紙とくまの生活。
忘れるために書く日記。


原稿用紙、あるいはコミュニケーションゲーム

正月あけてより、雪も降ったしそれはまあ寒いは寒いんだけど、底を抜けて明るい寒さという気がしていてあまり苦にならない。植物は春のために蕾をつけはじめている。わたしも準備をしている。

 

ファミレスで食事をし、ひとわたり話もし終わったぞというタイミングで、「今日はこれを持ってきています」といって、原稿用紙を出す。まさかこの帳面を買う日が来るとはなかなか想像していなかった。学校には無限にあったそれ。教室の棚に無造作に積まれていた。原稿用紙をわら半紙に刷ったものを「漢字練習」として提出させられていたことがあるのだけど、それはさすがに荷が重い気がする。マスが小さいんだよ。さすがに平成三十年に買ったそれは白い紙、つるつるでわれわれをわくわくさせた。

筆記具も配って、各自でなにがしか書いていく。枚数は自由、内容も自由、前もって書いてたのを転記でもよい。で、一時間。読んでもいいか断って、読みあって、感想を言い合う。相手のことを知れて、結果的にコミュニケーションゲームみたいだった。

たしかにわたしはブログを書いているけれど、知ってる相手に文章を読んでもらったこと、なかなかなくて、感想をもらえることも基本的にはないのだった。率直に「読みやすいけどわかりにくい」と言われてちょっと笑ってしまった。読みやすさとわかりよさは一致しないらしい。たしかに独りよがりな面はあって、ブログに書いているとそれは投げやりにそのままになってしまいがち。ていうかそれを自分にゆるしていた。文章を飛ばす、論理の複雑骨折、用語のぶれなんかどんとこいだったの、不親切なんだとわかった。

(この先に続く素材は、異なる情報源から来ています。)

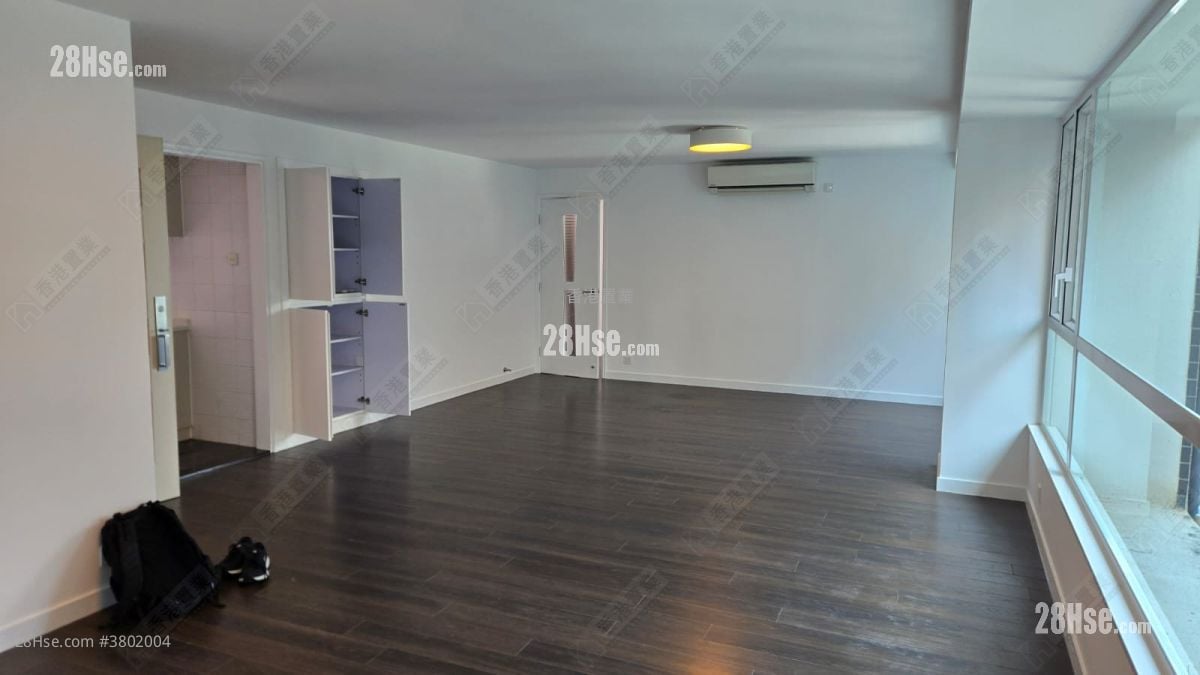 Wing On Towers Sell 3 Bedrooms , 3 Bathrooms 1,260 ft²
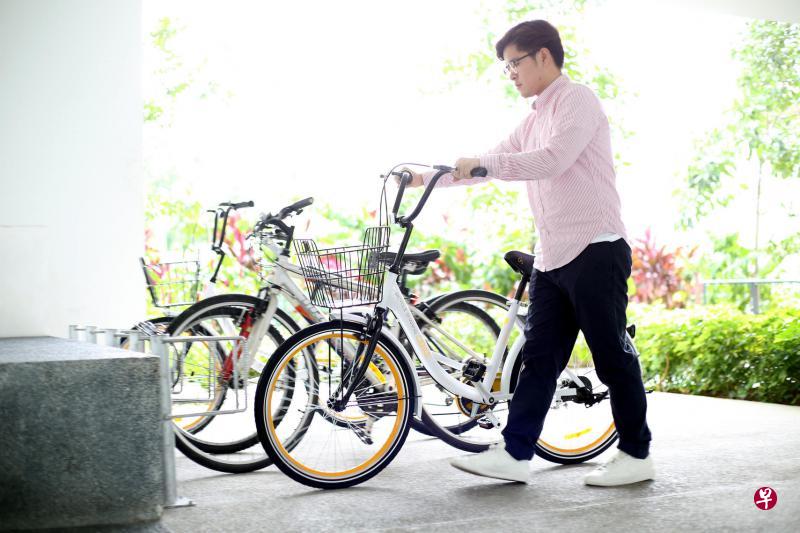 要使用oBike脚踏车共用服务，只须下载手机应用，寻找最靠近的脚踏车，然后在车上的二维码（左上图）扫描，脚踏车便会自动开锁，还车时为脚踏车上锁，系统就会停止收费。（龙国雄摄）
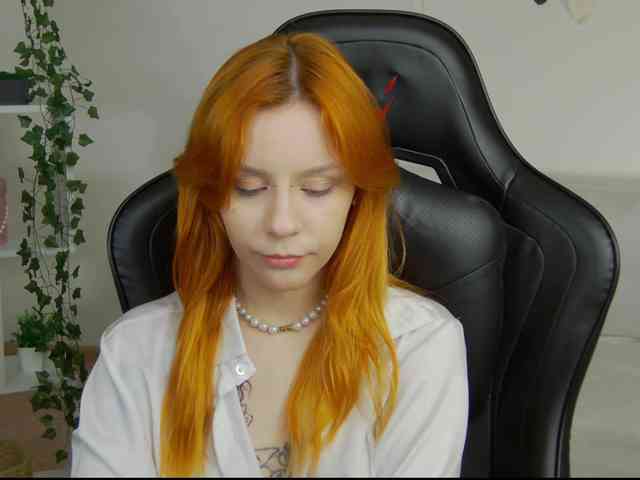 Rachel-lips webcam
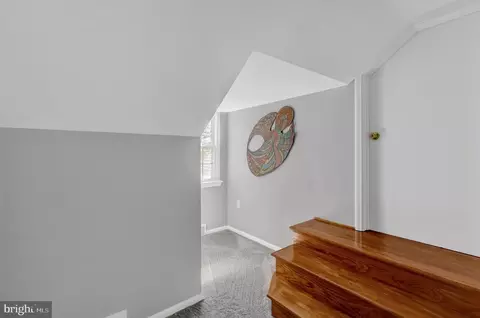 Entry Way - 431 Devon Ter, Reading, PA 19607 photo 3 of 3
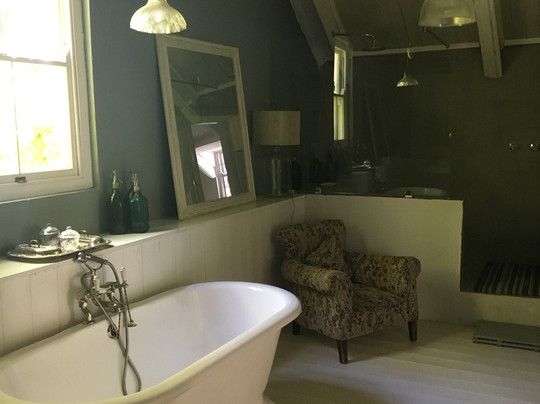 Old Oak Manor and Cafe Felix主图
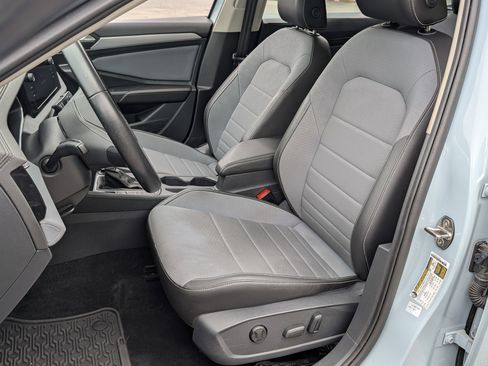 Used 2025 Volkswagen Jetta SE w/ Sunroof Package FWD image 17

でも直すかといえば、やるかもねーくらいでへらへらしちゃうの、甘えという気もするし、どれだけこちらが手を尽くして書いてみたところで伝わらないものは伝わらない気がした。なんていうか、読んでくれる人って幅が大きすぎる。ふだんのブログを読んでいる人って、想定自分で、自分が他の人の日記を読む感じで想像してたけど、たぶん、全然ちがうんだろう。だからたぶんわたしの書いてるうにゃうにゃも通じてないだろうし、わたしが読んで読んで「あーわかるー」って思ったのも書いた人と話してみたら違うんですけど!! ってなるんだろう。たぶん。前者はともかく後者はすこしショックだったけど、でもしょうがない。しょうがないよね?

 

たくさんの人に広まっているもの、好まれているもの、はどんなものでも一応はすごい

 

それと、原稿用紙に書くこと、身体をつかって書くこと、もちろんキーボードの打鍵より遅いし、書いている手がつらいからはしょったり簡潔に書いていく。ふだん自分の書いてるような接続詞とか糸の絡まったような文の運びはしない。だってつかれる、というのがあってこれは身体性という気がした。もうちょっと細かく言うと、鉛筆(シャープペン)、ボールペン、万年筆なんか書き味がちがって、これも文章や思考に影響を与えると思った。ともかく、わたしはPCで思考に近いスピードで文章をつくるよりはまどろっこしくない文体だった。当たり前といえばそうなんだけど、これは発見だった。この文章ももう一度手で書き直したら、ずいぶん簡潔な文章になるにちがいないよ。